In many countries, such as the US, India, and Germany, citizens and businesses must pay an incremental income tax each year based on their overall earnings for that year. This rate is determined on a fairly set scale, in which the overall earnings of income earners are used to determine their tax brackets; in some countries, there are a dozen different brackets while in other countries there are only two. Brackets are determined by income — for example, one bracket may include all citizens who earned between $1,000 USD and $150,000 USD, while another includes earnings of more than $150,000 USD. Once the correct bracket is determined, the taxpayer pays the corresponding tax rate to the government. If he has a change in income, he will move up or down accordingly on the scale, most likely changing the amount of money owed in taxes.

Change in Earnings

The division between brackets can have a tremendous impact on the amount of taxes that have to be paid by citizens and businesses. As a result, having an incremental tax system can be beneficial for many people who earn less money, as their rate is generally lower than those who earn more. If a taxpayer is near the upper limit of one bracket and chooses to make an investment that earns revenue, that investment could move him or her up into the next bracket. Most likely this means that the investor now has to pay more in taxes, which may lessen the profit made from an investment or even turn it into an overall loss.

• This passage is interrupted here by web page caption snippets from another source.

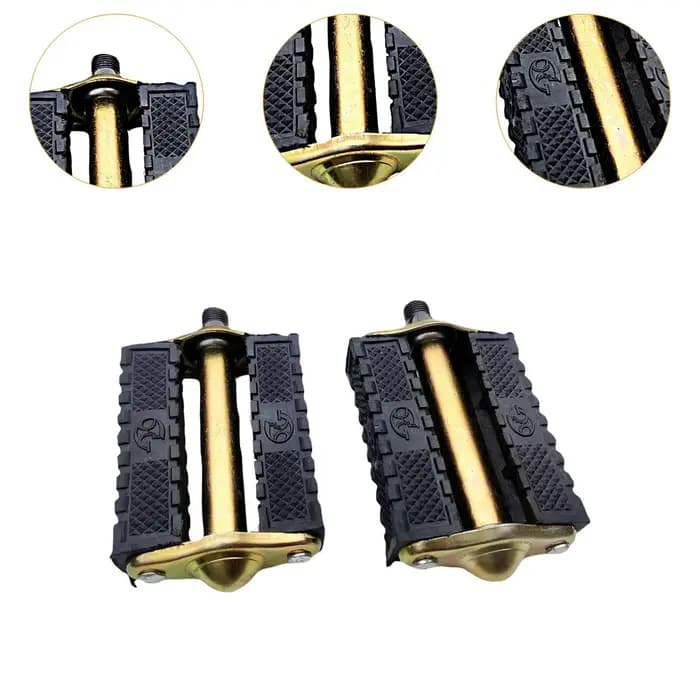 Pédales de vélo robustes et pratiques, pièces de rechange légères, de qualité supérieure, portables, faciles à installer, 1 paire d'accessoires antidérapants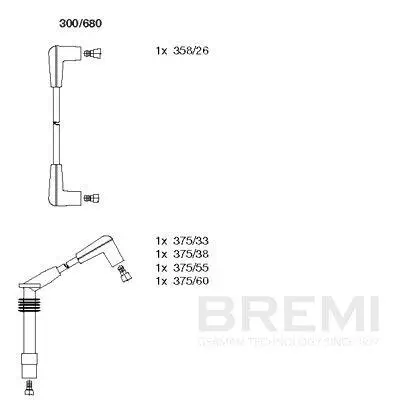Zündleitungssatz BREMI 300/680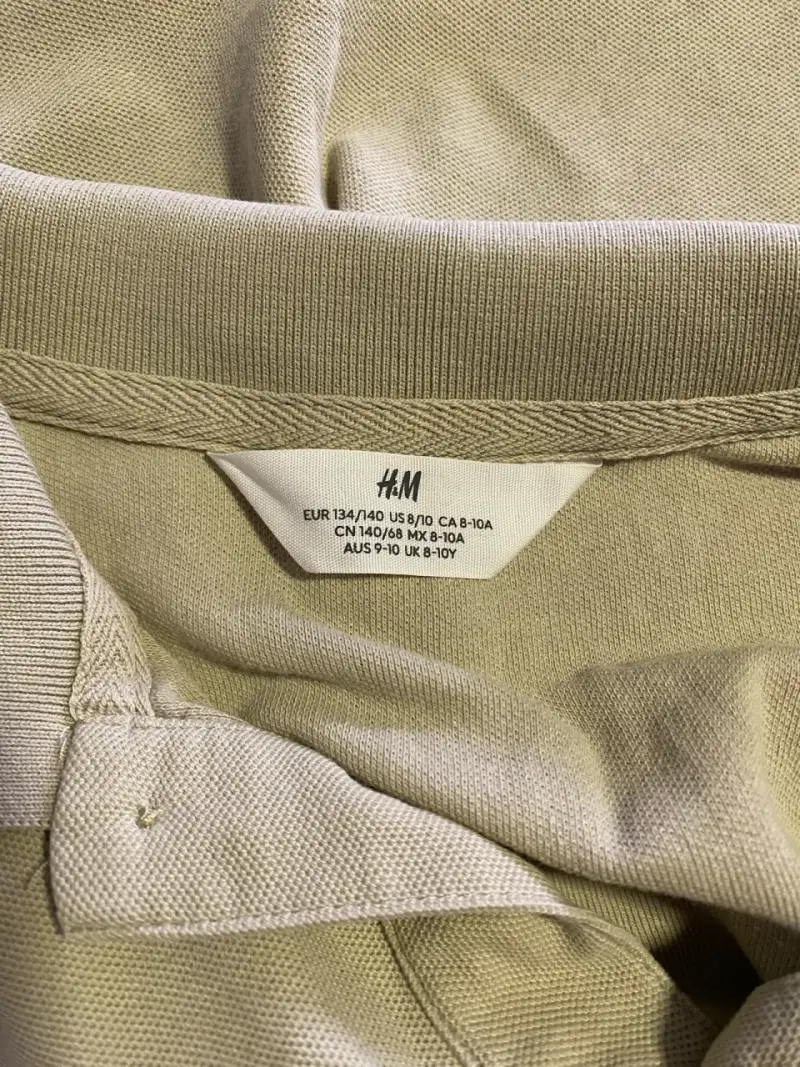 Polera Beige H&M 9/10y - 3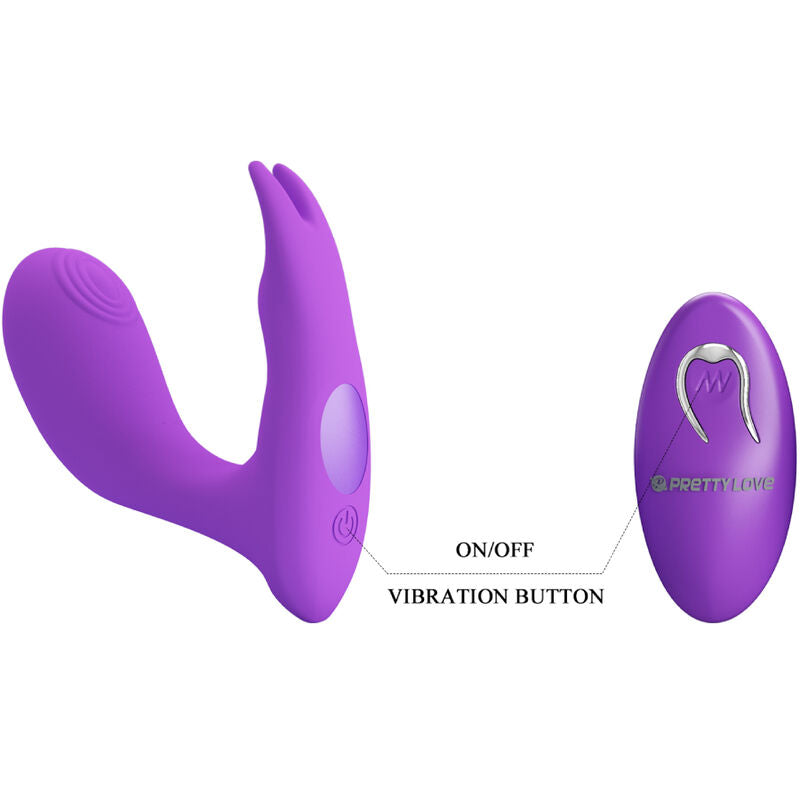 PRETTY LOVE - MASSEUR STIMULATEUR TELECOMMANDE À VIBRATIONS ET PULSATIONS IDABELLE VIOLET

On the other hand, many citizens and corporations will pay less taxes if they drop down a bracket after earning less income than they did the previous year.

Tax Increment Financing

It is important that the terms “incremental tax” and “tax increment financing” should not be confused, since they are very different concepts. Tax increment financing is a process by which public financing for community developments and projects, such as renovation of a section of a city, is financed. This system is typically accomplished through investors that are repaid through future profits, usually as government bonds. These bonds are repaid using future revenue, the increment, which is made off of the increased value of the developed area. Such tax increment financing is not always profitable, however, and can result in a loss of finances once investors are repaid.